** Opening Input data block **

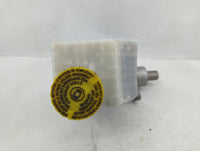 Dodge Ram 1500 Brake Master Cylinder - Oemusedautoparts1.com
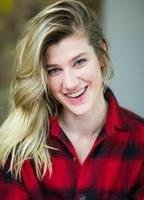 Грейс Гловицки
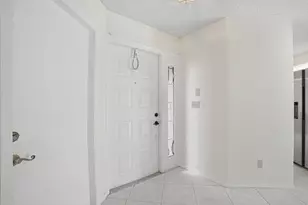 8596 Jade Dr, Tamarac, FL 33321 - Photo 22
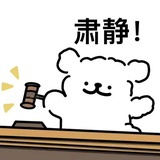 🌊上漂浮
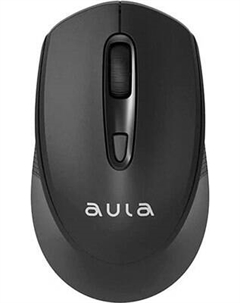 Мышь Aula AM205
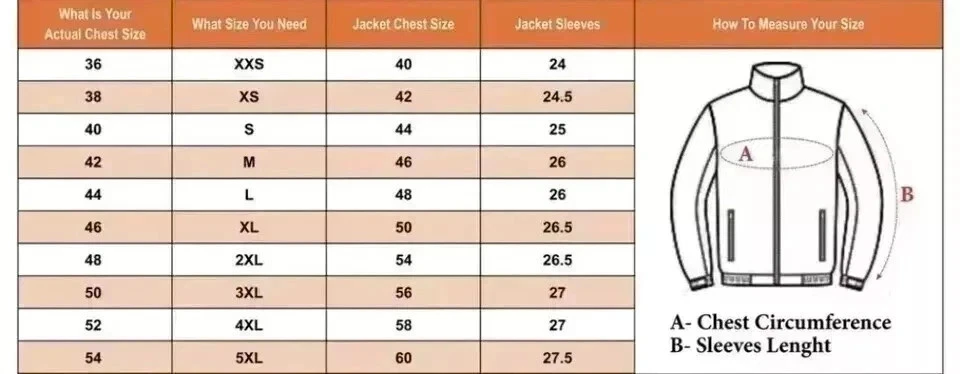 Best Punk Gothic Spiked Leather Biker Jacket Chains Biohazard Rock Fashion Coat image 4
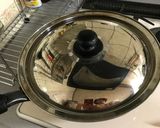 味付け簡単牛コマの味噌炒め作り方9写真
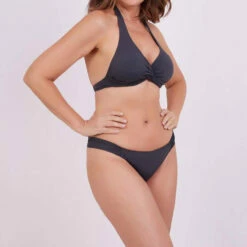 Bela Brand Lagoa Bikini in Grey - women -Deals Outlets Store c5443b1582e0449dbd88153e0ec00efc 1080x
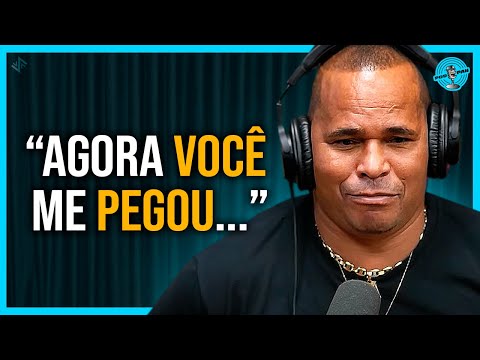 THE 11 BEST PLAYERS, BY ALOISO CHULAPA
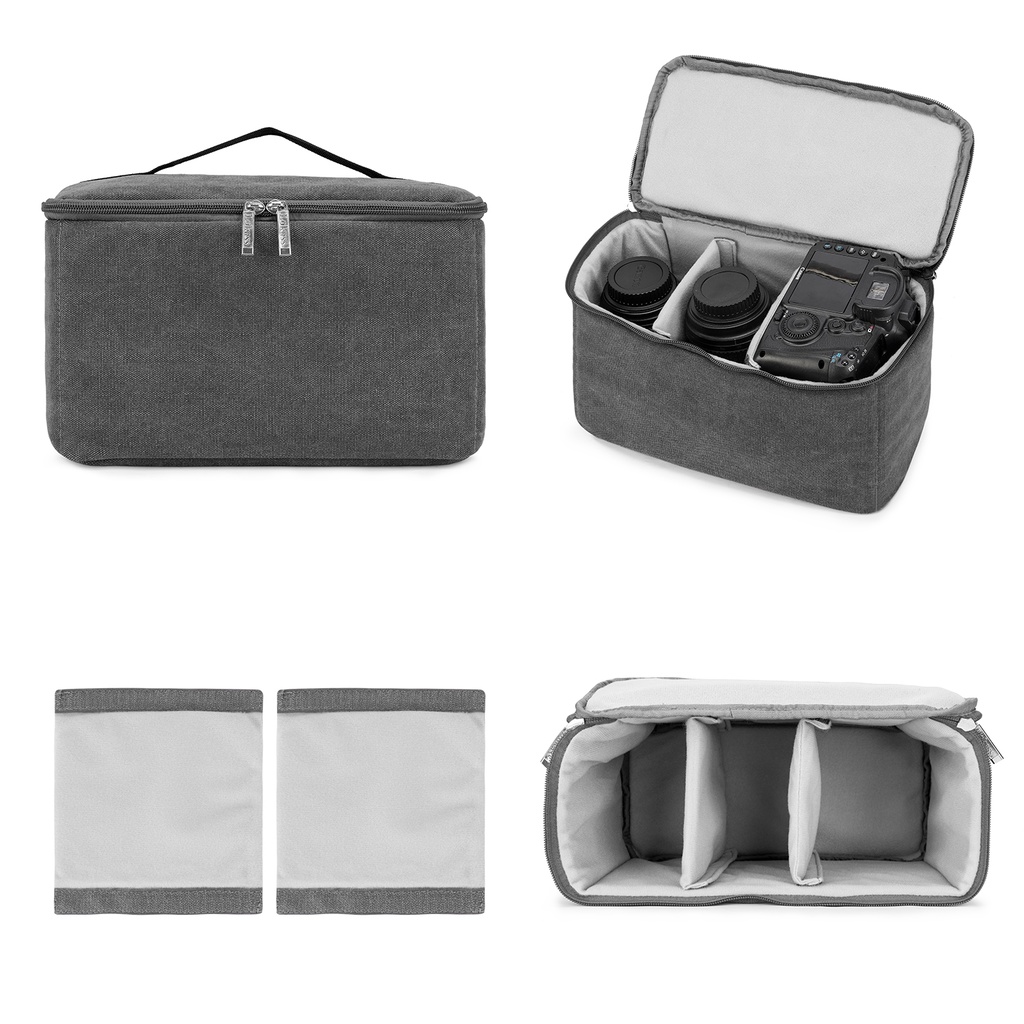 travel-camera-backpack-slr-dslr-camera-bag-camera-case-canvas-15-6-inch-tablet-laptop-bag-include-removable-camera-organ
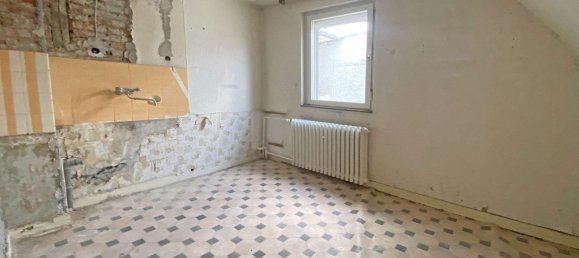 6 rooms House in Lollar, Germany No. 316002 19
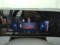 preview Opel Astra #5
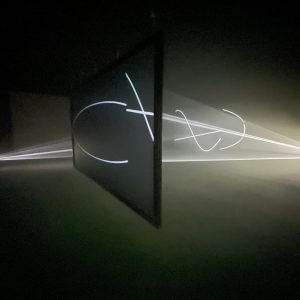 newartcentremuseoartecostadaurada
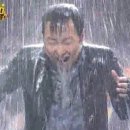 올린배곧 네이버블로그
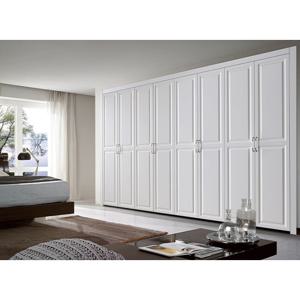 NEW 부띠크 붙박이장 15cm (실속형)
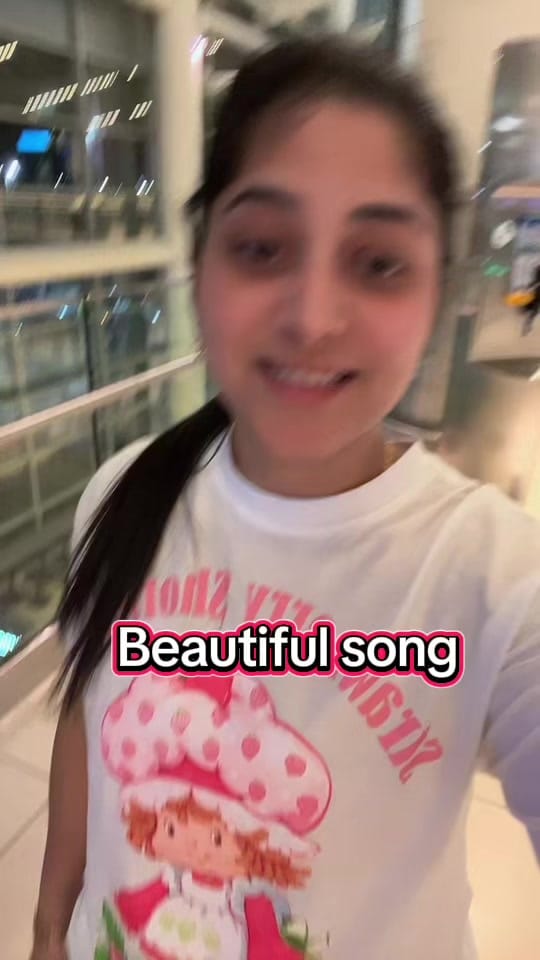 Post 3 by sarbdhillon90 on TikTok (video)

** Closing Input data block **

What the task asks. The job here is to retype the data exactly, with no pictures included.

Result of this task.
 Dodge Ram 1500 Brake Master Cylinder - Oemusedautoparts1.com
 Грейс Гловицки
 8596 Jade Dr, Tamarac, FL 33321 - Photo 22
 🌊上漂浮
 Мышь Aula AM205
 Best Punk Gothic Spiked Leather Biker Jacket Chains Biohazard Rock Fashion Coat image 4
 味付け簡単牛コマの味噌炒め作り方9写真
 Bela Brand Lagoa Bikini in Grey - women -Deals Outlets Store c5443b1582e0449dbd88153e0ec00efc 1080x
 THE 11 BEST PLAYERS, BY ALOISO CHULAPA
 travel-camera-backpack-slr-dslr-camera-bag-camera-case-canvas-15-6-inch-tablet-laptop-bag-include-removable-camera-organ
 6 rooms House in Lollar, Germany No. 316002 19
 preview Opel Astra #5
 newartcentremuseoartecostadaurada
 올린배곧 네이버블로그
 NEW 부띠크 붙박이장 15cm (실속형)
 Post 3 by sarbdhillon90 on TikTok (video)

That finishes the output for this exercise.